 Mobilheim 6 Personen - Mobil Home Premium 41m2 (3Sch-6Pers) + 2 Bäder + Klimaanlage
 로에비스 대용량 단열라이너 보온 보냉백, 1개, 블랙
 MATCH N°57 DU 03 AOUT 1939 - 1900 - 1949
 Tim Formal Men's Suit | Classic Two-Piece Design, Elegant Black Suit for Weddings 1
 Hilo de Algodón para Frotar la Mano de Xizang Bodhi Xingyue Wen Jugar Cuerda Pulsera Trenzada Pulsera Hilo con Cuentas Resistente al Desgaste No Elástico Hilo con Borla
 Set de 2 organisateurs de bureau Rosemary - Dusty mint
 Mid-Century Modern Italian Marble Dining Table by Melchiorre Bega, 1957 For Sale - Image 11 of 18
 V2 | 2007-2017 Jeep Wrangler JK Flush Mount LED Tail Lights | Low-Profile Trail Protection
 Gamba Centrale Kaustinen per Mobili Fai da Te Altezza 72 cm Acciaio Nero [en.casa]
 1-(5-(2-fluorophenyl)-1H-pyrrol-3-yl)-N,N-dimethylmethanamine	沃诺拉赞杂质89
==
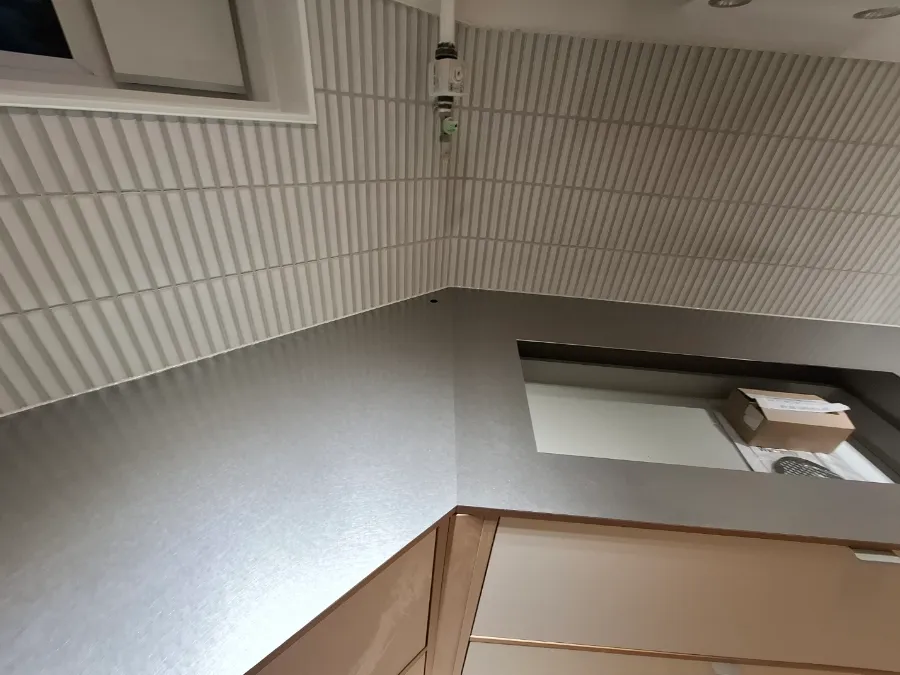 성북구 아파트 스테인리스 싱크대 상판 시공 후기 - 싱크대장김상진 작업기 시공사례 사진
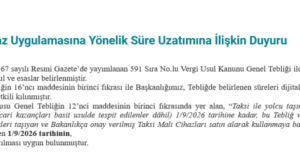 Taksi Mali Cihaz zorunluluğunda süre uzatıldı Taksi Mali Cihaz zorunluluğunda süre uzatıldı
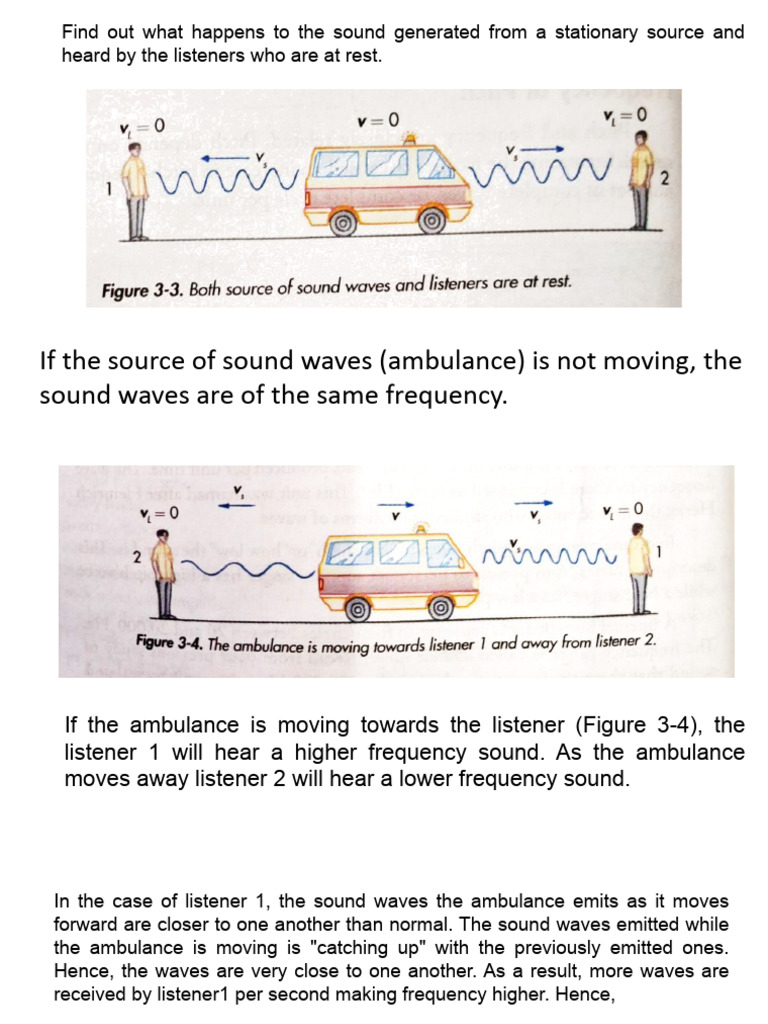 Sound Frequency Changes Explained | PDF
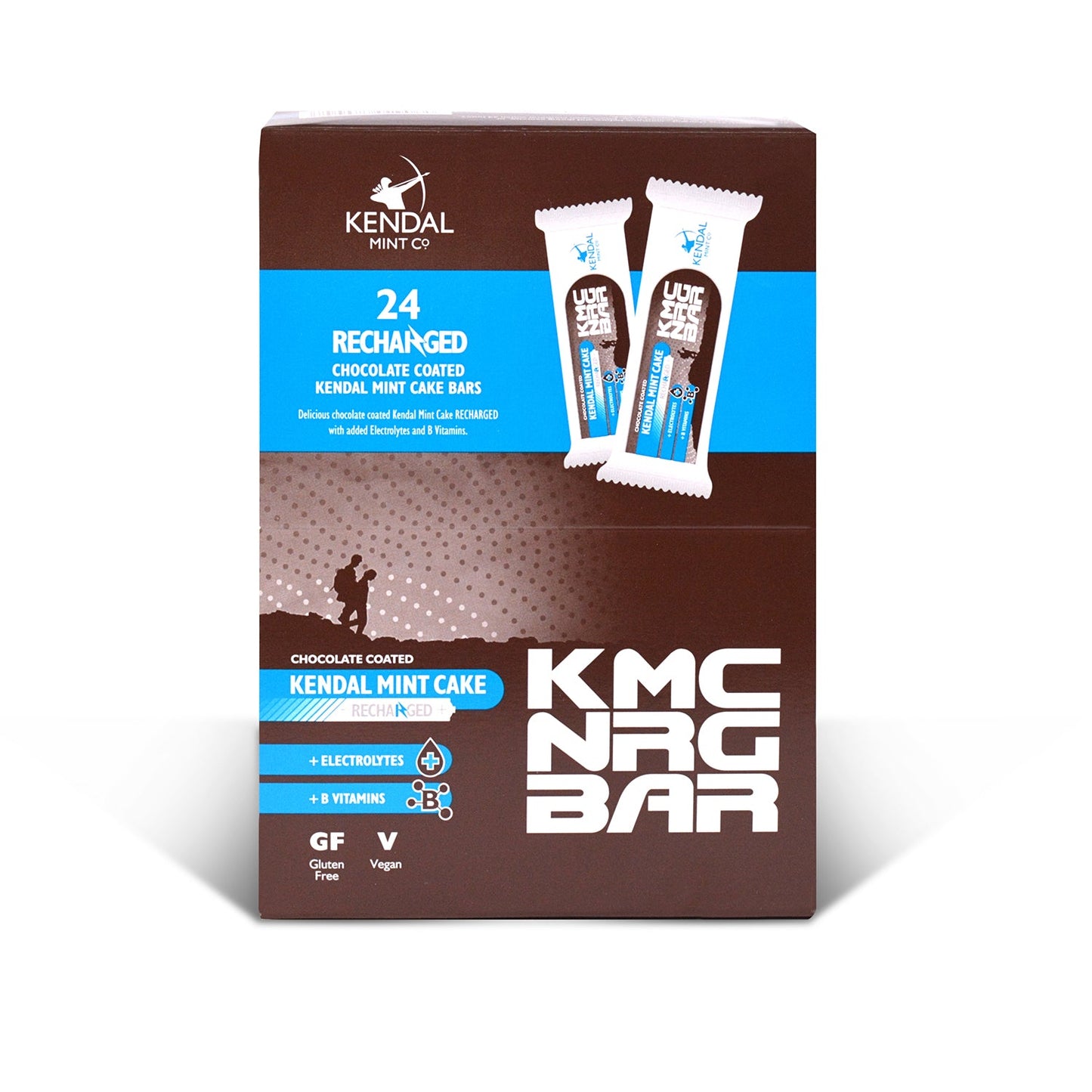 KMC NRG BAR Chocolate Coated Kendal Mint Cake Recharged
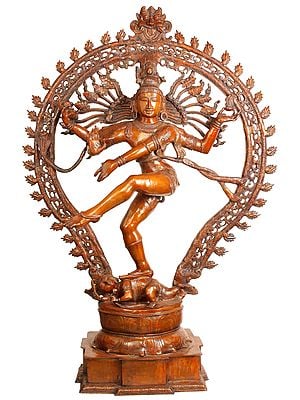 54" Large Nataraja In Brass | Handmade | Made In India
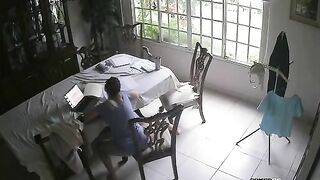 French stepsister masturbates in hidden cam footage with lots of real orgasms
* * *
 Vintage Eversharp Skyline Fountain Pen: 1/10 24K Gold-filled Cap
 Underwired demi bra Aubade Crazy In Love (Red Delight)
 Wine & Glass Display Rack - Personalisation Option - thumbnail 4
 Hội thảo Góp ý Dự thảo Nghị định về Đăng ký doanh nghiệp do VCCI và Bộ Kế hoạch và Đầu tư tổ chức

REQUIREMENT –
Of the entries above, repeat exactly the lines between the line with "Mobilheim 6 Personen" and the line with "Gamba Centrale Kaustinen", inclusive, and no others.

TASK ANSWER –
 Mobilheim 6 Personen - Mobil Home Premium 41m2 (3Sch-6Pers) + 2 Bäder + Klimaanlage
 로에비스 대용량 단열라이너 보온 보냉백, 1개, 블랙
 MATCH N°57 DU 03 AOUT 1939 - 1900 - 1949
 Tim Formal Men's Suit | Classic Two-Piece Design, Elegant Black Suit for Weddings 1
 Hilo de Algodón para Frotar la Mano de Xizang Bodhi Xingyue Wen Jugar Cuerda Pulsera Trenzada Pulsera Hilo con Cuentas Resistente al Desgaste No Elástico Hilo con Borla
 Set de 2 organisateurs de bureau Rosemary - Dusty mint
 Mid-Century Modern Italian Marble Dining Table by Melchiorre Bega, 1957 For Sale - Image 11 of 18
 V2 | 2007-2017 Jeep Wrangler JK Flush Mount LED Tail Lights | Low-Profile Trail Protection
 Gamba Centrale Kaustinen per Mobili Fai da Te Altezza 72 cm Acciaio Nero [en.casa]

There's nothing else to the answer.